[EXTRACTED INFORMATION — start]

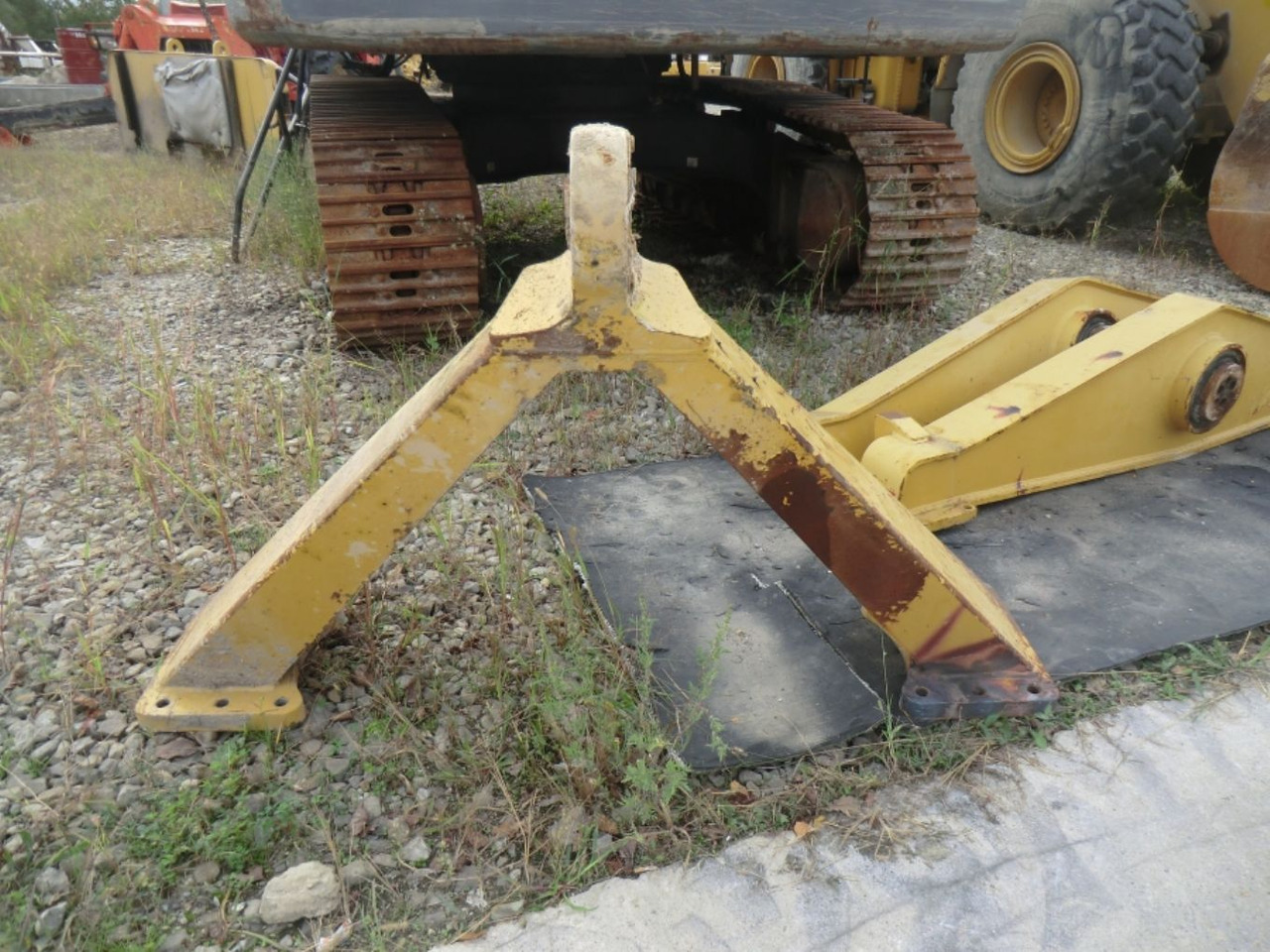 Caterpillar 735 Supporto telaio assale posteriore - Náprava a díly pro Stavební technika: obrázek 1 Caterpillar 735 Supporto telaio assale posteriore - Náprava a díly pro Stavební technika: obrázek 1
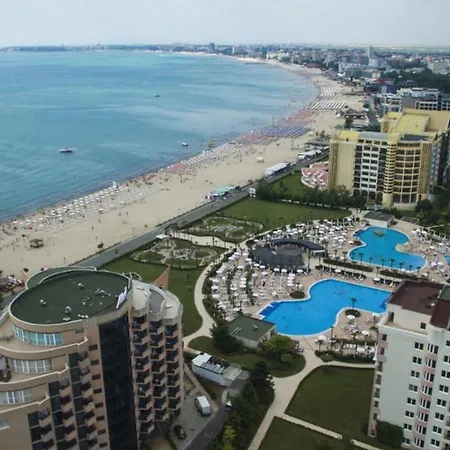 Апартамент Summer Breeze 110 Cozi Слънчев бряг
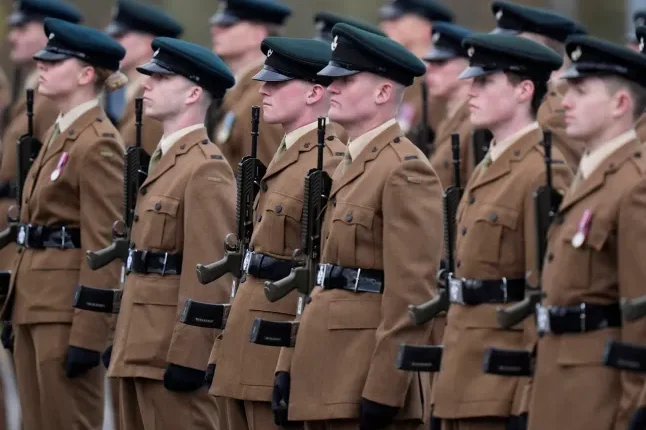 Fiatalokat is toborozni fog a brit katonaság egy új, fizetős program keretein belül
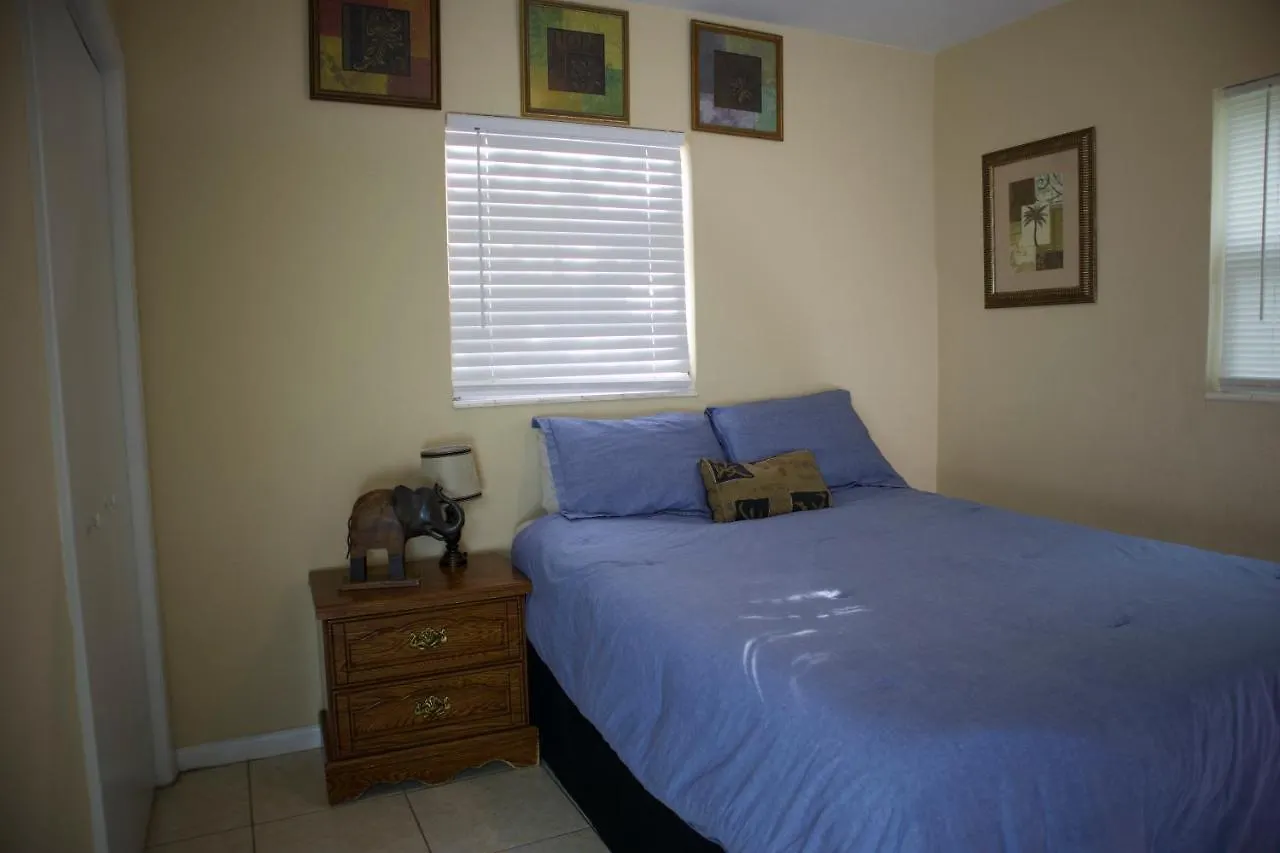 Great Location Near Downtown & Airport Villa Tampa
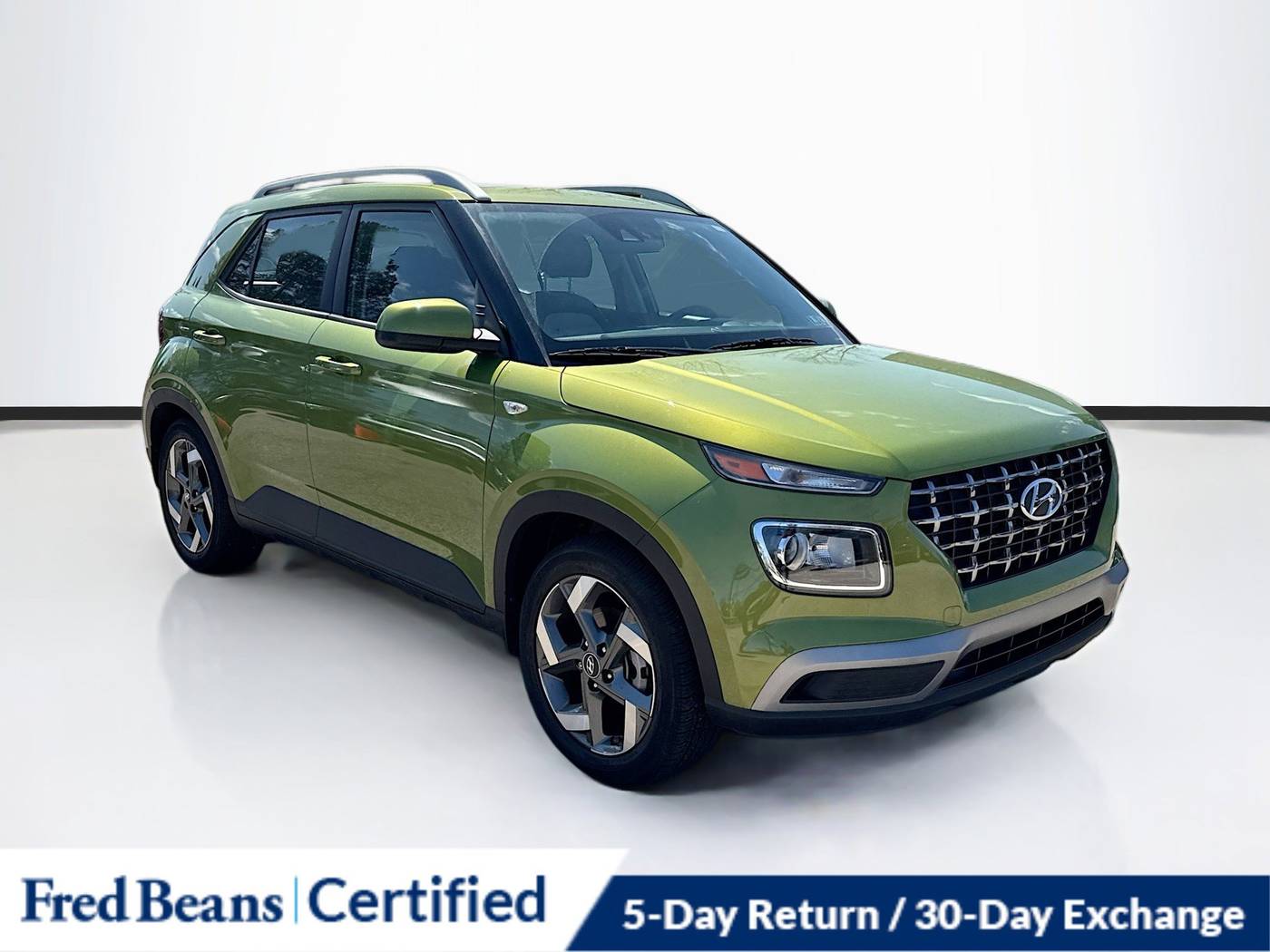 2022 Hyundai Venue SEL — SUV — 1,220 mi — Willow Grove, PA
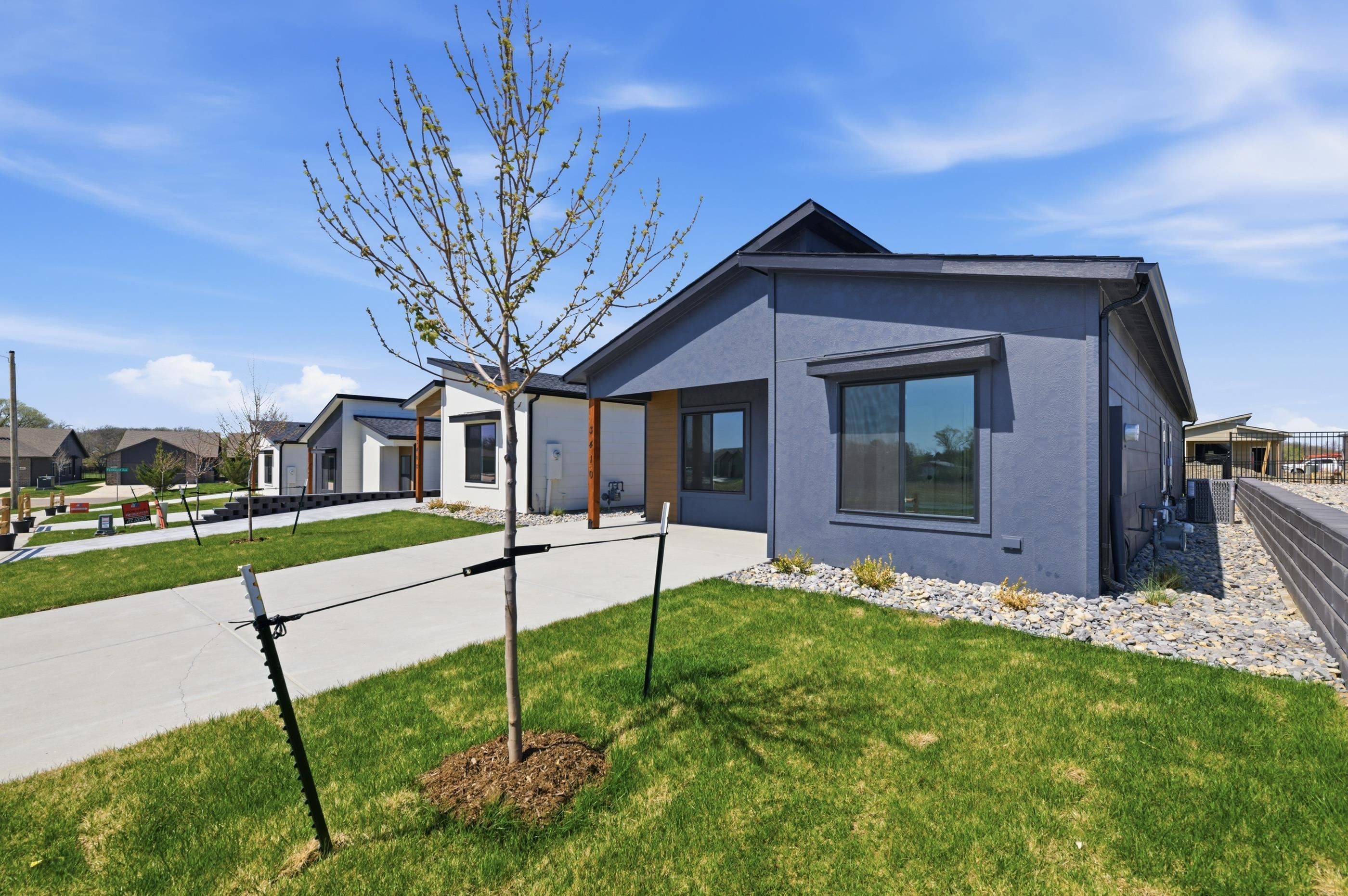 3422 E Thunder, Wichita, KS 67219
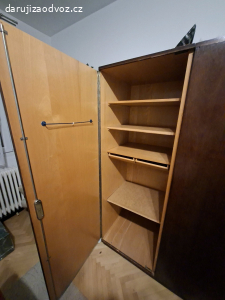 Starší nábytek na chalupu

[EXTRACTED INFORMATION — finish]

=== WORK TO COMPLETE ===
When pictures appear among the entries, skip them and copy all remaining text precisely.

=== RESULT BELOW ===
 Caterpillar 735 Supporto telaio assale posteriore - Náprava a díly pro Stavební technika: obrázek 1 Caterpillar 735 Supporto telaio assale posteriore - Náprava a díly pro Stavební technika: obrázek 1
 Апартамент Summer Breeze 110 Cozi Слънчев бряг
 Fiatalokat is toborozni fog a brit katonaság egy új, fizetős program keretein belül
 Great Location Near Downtown & Airport Villa Tampa
 2022 Hyundai Venue SEL — SUV — 1,220 mi — Willow Grove, PA
 3422 E Thunder, Wichita, KS 67219
 Starší nábytek na chalupu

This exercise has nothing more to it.